Upper bounds for measures on distal classes

TL;DR

This paper establishes upper bounds on the number of measures on distal Fraïssé classes, providing the first general results and explicit bounds in this area, with applications to classes like s-dimensional permutations.

Contribution

It proves that distal Fraïssé classes with certain automorphism bounds admit finitely many measures and provides explicit upper bounds on their count.

Findings

Finitely many measures exist for distal classes under certain conditions.

Explicit upper bounds are derived, e.g., for s-dimensional permutations.

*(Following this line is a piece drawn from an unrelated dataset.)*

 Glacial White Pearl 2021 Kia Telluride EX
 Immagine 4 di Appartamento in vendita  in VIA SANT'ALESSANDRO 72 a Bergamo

The bounds grow double-exponentially with the dimension parameter.

Abstract

In recent work, Harman and Snowden introduced a notion of measure on a Fra\"iss\'e class $\mathfrak{F}$, and showed how such measures lead to interesting tensor categories. Constructing and classifying measures is a difficult problem, and so far only a handful of cases have been worked out. In this paper, we obtain some of the first general results on measures. Our main theorem states that if $\mathfrak{F}$ is distal (in the sense of Simon), and there are some bounds on automorphism groups, then $\mathfrak{F}$ admits only finitely many measures; moreover, we give an effective upper bound on their number. For example, if $\mathfrak{F}$ is the class of ``$s$-dimensional permutations'' (finite sets equipped with $s$ total orders), we show that the number of measures is bounded above by approximately $\exp(\exp(s^2 \log{s}))$.